Seitdem muss sich die mutmaßliche Fahrradstadt gegen Vorwürfe von Rad­fah­re­r:in­nen wehren: Die Stadtreinigung räume zu wenige Radwege – und die auch noch zu spät. „Noch immer wird der Schnee von der Fahrbahn nach rechts auf den Radstreifen geschoben“, sagt Dirk Lau vom Allgemeinen Deutschen Fahrradclub (ADFC) in Hamburg. Das mache das Radfahren gefährlicher. „Das ist inakzeptabel. Die Stadt muss sich überlegen, wo sie den Schnee hinräumt. Jedenfalls nicht auf die Geh- und Radwege,“ so Lau.

Außerdem würden viele der abgesetzten Radwege, also diejenigen, die nicht auf der Straße verlaufen, gar nicht geräumt werden. Lau fordert deshalb, die Fahrradstreifen konsequenter vom Schnee zu befreien: „Und zwar dann, wenn es geschneit hat. Und nicht erst Tage später.“

Bei der Hamburger Stadtreinigung verweist man auf das Regelwerk: Der Einsatz von Streusalz ist auf Rad- und Fußwegen verboten – zu umweltschädlich. Man arbeite deshalb mit Kies. Den könne man allerdings erst streuen, wenn der Schnee liegt. Stadtweit sind dann zwölf Räumfahrzeuge im Einsatz, um Schnee zu entfernen und Kies zu verteilen.

Andree Möller, Stadtreinigung

„Wir können nicht jederzeit für schwarze Fahrradwege sorgen“

Andree Möller, Sprecher der Stadtreinigung, macht aber auch deutlich: „Wir können nicht jederzeit für schwarze Radwege sorgen.“ Dirk Lau vom ADFC nimmt daher die Politik in die Verantwortung. „Die Stadtreinigung macht einen Knochenjob und bemüht sich nach Kräften“, stellt er fest. Es fehle jedoch an Personal, Ausstattung und den richtigen Maschinen. Die zwölf Räumfahrzeuge hält Lau für zu wenig. Es brauche deutlich mehr, um gerade die Velorouten, Hamburgs stadtweites Radnetz, zuverlässig befahren zu können.

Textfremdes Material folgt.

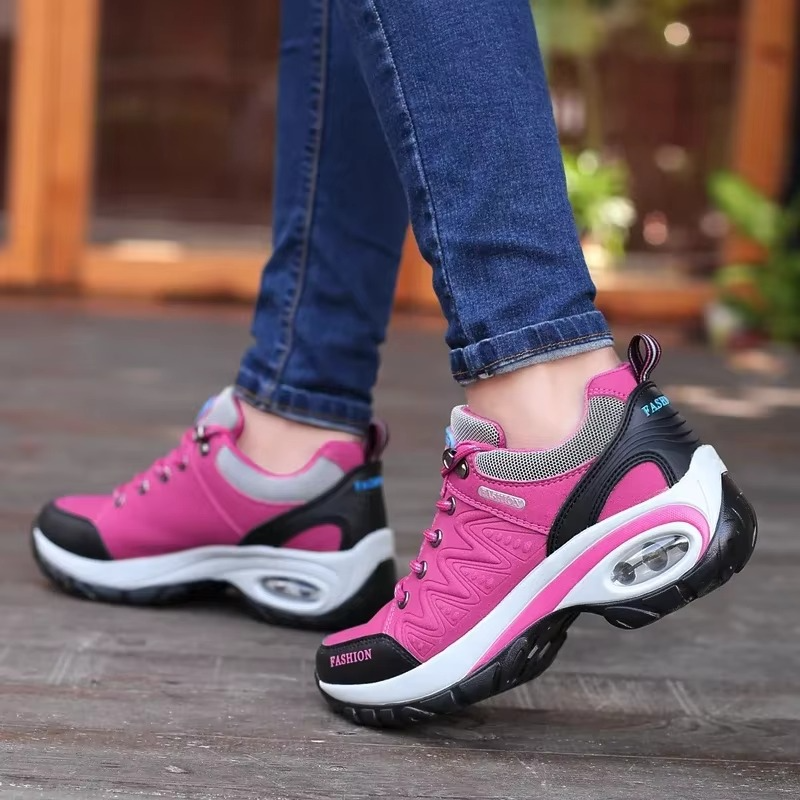 Flexy – Comfort Sneakers - Black - 36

Auf Nachfrage verweist die Verkehrsbehörde darauf, den Winterdienst für Radwege in den vergangenen Jahren ausgeweitet zu haben. Die Zahlen der Stadtreinigung bestätigen diese Aussage zunächst: Die Stadt hat in den letzten vier Jahren 52 Kilometer an Radstreifen, die auf der Straße verlaufen, neu in ihren Winterdienst aufgenommen. Die Stadtreinigung führt sie unter „Mitnahmeeffekt Fahrbahn Winterdienst“. Somit wird die Hälfte der Hamburger Radwege als Mitnahmeeffekt geräumt.

Die andere Hälfte bilden die abgesetzten Radwege. Und bei ihnen ist keine positive Entwicklung zu erkennen: Seit 2017 wurden lediglich vier neue Kilometer ins Winternetz der Stadtreinigung aufgenommen. Ein Blick auf das Winternetz verrät zudem, dass in manchen Stadtteilen nicht ein abgesetzter Radweg geräumt wird. In Bramfeld, Eidelstedt oder Niendorf mussten Rad­fah­re­r:in­nen am Wochenende also auf der Straße fahren – oder gar nicht.

Als Fußnote: Der Copenhagenize Index zur Fahrradfreundlichkeit von Städten hat schon 2017 angemahnt, die Radwege in Hamburg besser zu räumen. Seitdem ist die Stadt noch einmal um zwei Plätze zurückgefallen – auf Rang 20.